(Provided records begins)

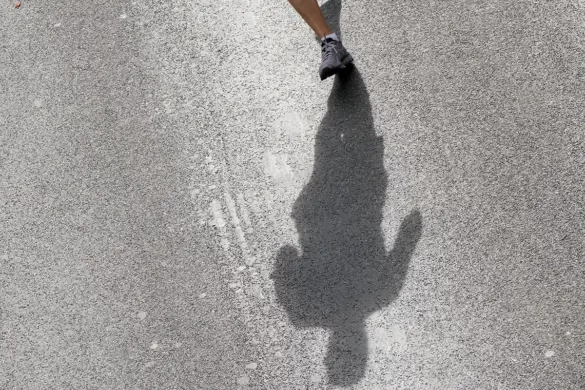 Ombre chinoise d'un coureur sur le bitume ensoleillé pendant les 20 km de Bruxelles.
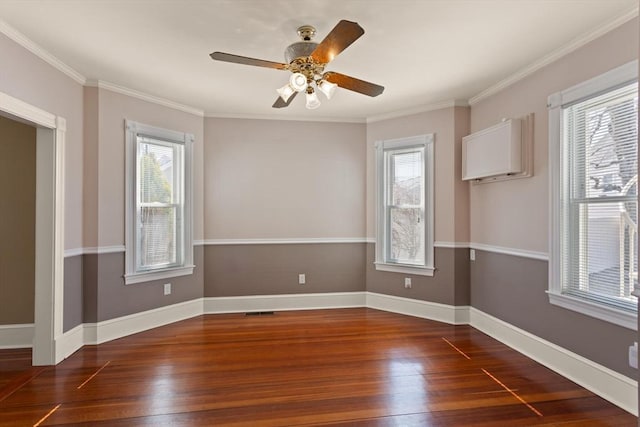 spare room with ceiling fan, wood finished floors, baseboards, and ornamental molding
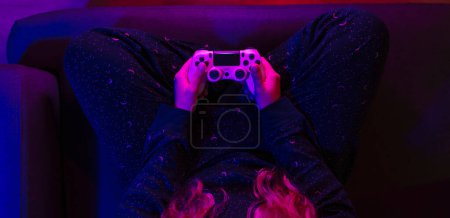 Photo for Girl's hands top view with the video game controller and colorful lights. - Royalty Free Image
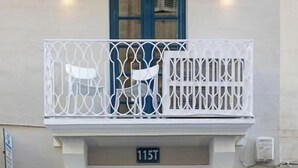 A building with a blue door, a balcony with white railings, and a number '115T' above the door. - Zekka House (Valletta)
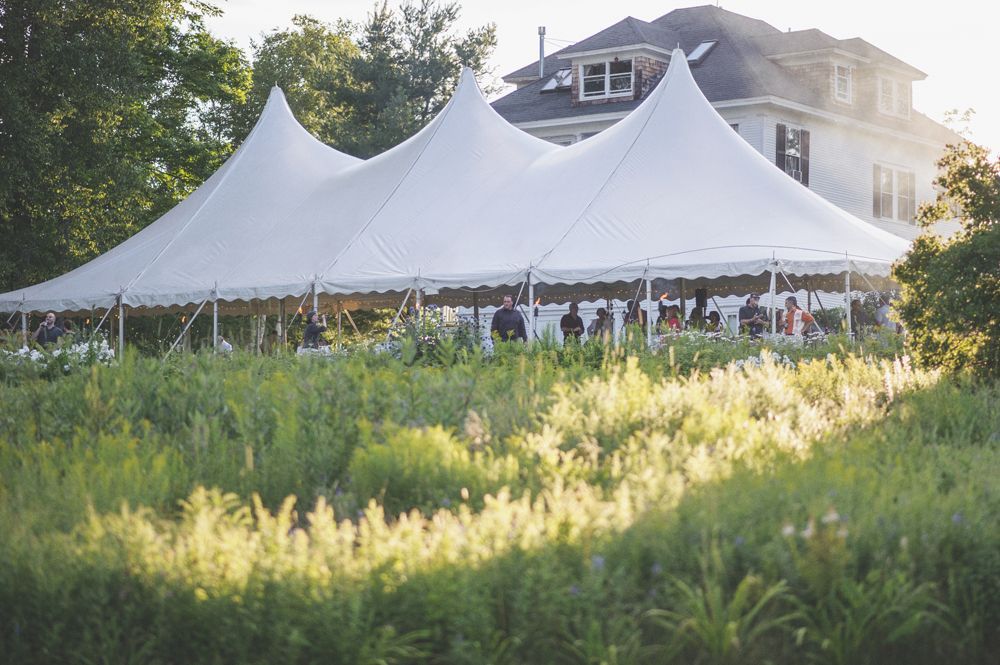 Man in suit stands in hotel hallway, smiling.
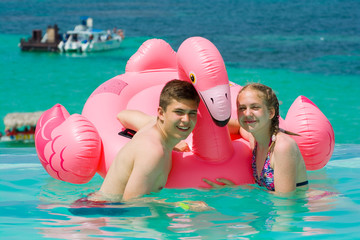 Canvas Print - Caucasian teenagers playing in infinity swimming pool in luxury hotel, Punta Cana, Dominican Republic. Summer vacation concept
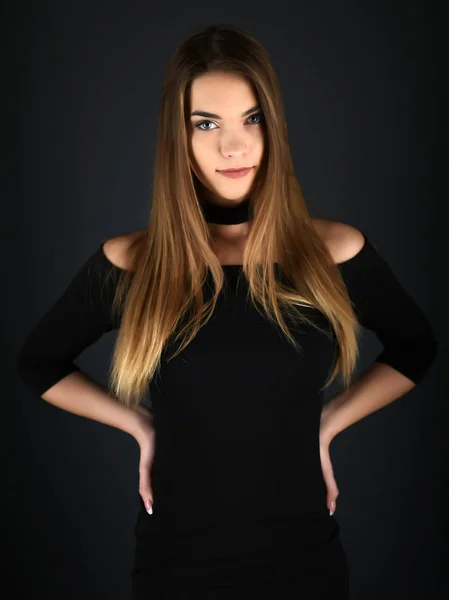 Beautiful sexy white woman in black dress posing at studio — Stock Photo, Image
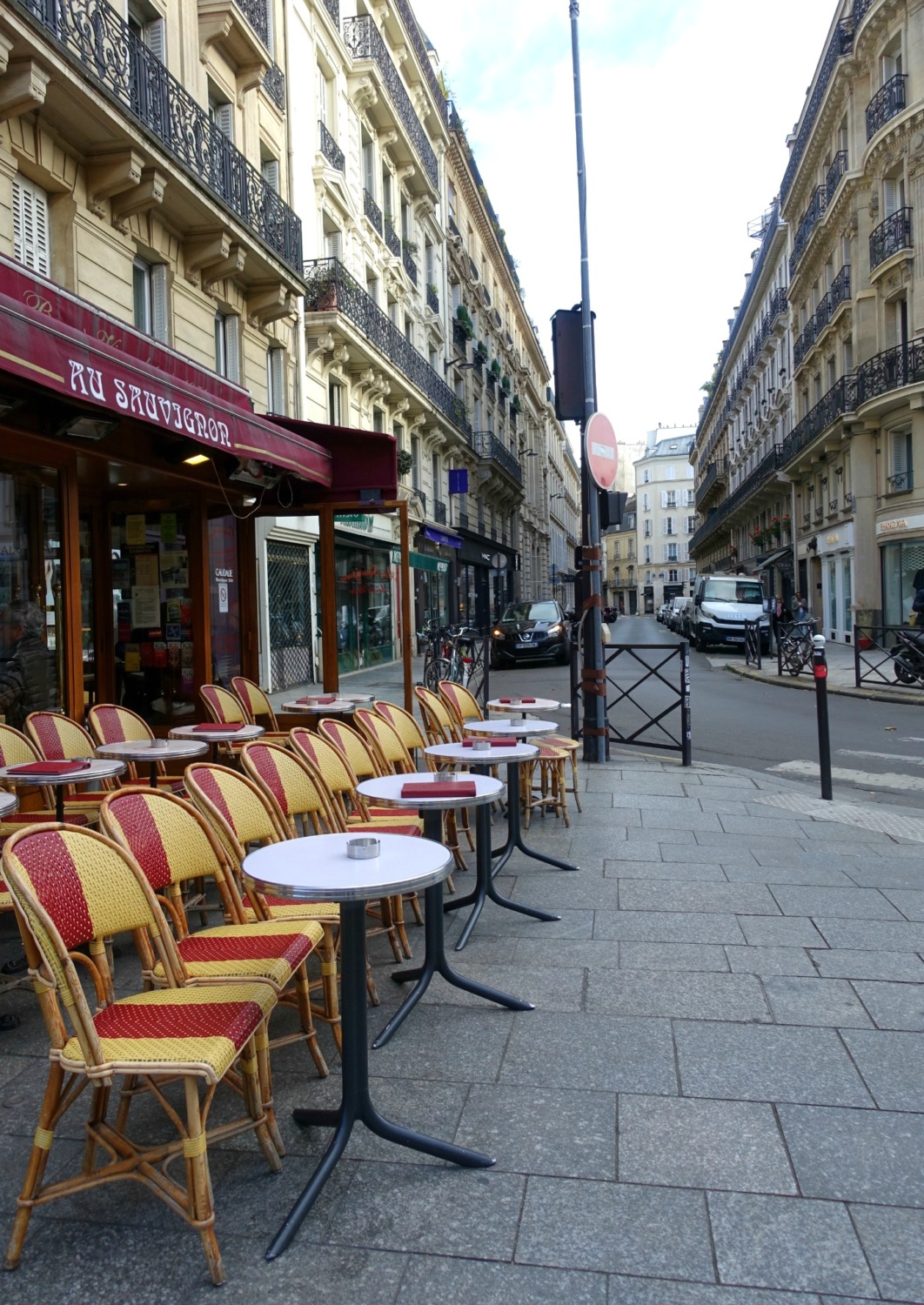 Paris sidewalk cafe ready for business. Details at une femme d'un certain age.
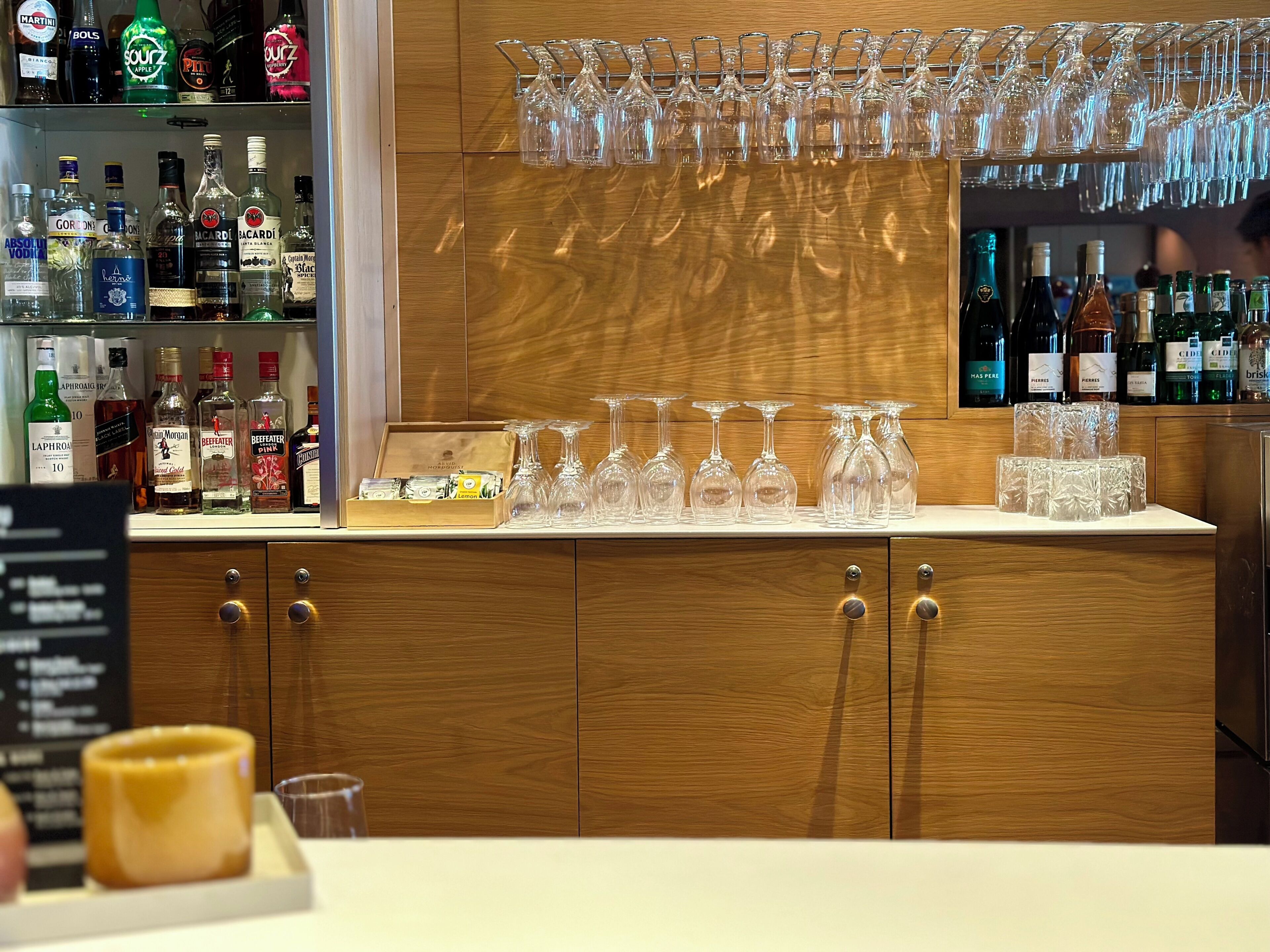 A bar area with a variety of liquor bottles, a selection of wine glasses, and a wooden cabinet.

(Provided records ends)

Once the pictures are removed, repeat all of the data above exactly.

 Ombre chinoise d'un coureur sur le bitume ensoleillé pendant les 20 km de Bruxelles.
 spare room with ceiling fan, wood finished floors, baseboards, and ornamental molding
 Photo for Girl's hands top view with the video game controller and colorful lights. - Royalty Free Image
 A building with a blue door, a balcony with white railings, and a number '115T' above the door. - Zekka House (Valletta)
 Man in suit stands in hotel hallway, smiling.
 Canvas Print - Caucasian teenagers playing in infinity swimming pool in luxury hotel, Punta Cana, Dominican Republic. Summer vacation concept
 Beautiful sexy white woman in black dress posing at studio — Stock Photo, Image
 Paris sidewalk cafe ready for business. Details at une femme d'un certain age.
 A bar area with a variety of liquor bottles, a selection of wine glasses, and a wooden cabinet.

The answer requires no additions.